Estamos aquí para hablar de nuestro reciente viaje a través del complejo laberinto que son las plataformas de streaming de vídeo. En SIG 18 se discute con frecuencia sobre qué plataforma utiliza la gente, así que sé que no somos los únicos que nos enfrentamos a esta situación. Hemos pensado en compartir nuestro camino y nuestra situación actual para que disfrutes de la lectura y contribuyas al debate general.
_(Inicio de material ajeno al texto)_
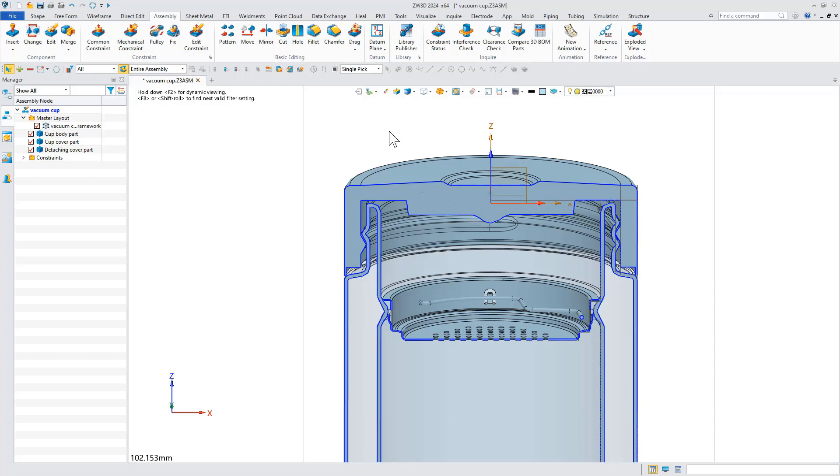The top-down design process based on layout can ensure the correctness and stability of model information transmission and greatly improve the efficiency of collaboration in assembly design.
Antes de empezar, un pequeño descargo de responsabilidad: no estamos haciendo recomendaciones y ninguno de estos chicos nos paga por decir nada. Esto es sólo nuestra experiencia y nuestros pensamientos actuales.
Ahora bien...
Imagínese esto: un nuevo cliente hace clic en un enlace de reunión con la expectativa de que está a punto de conocer a su nuevo logopeda por videoconferencia. Este cliente está ansioso por mejorar su problema de comunicación a través de la terapia y hacerlo todo en línea desde la comodidad de su propia casa u oficina. Pero, en lugar de que ese enlace les conecte a una pantalla donde se reúnen con su alegre SLP, todo se vuelve oscuro. Sólo las funciones de audio y chat parecen funcionar. Ahora imagínese a una tercera persona escribiendo mensajes instantáneos durante la sesión, intentando ayudar tanto al cliente como al clínico a navegar por la plataforma. Tras unos minutos de resolución de problemas, el SLP sugiere que utilicen únicamente la parte de audio para hablar de las necesidades del habla del cliente.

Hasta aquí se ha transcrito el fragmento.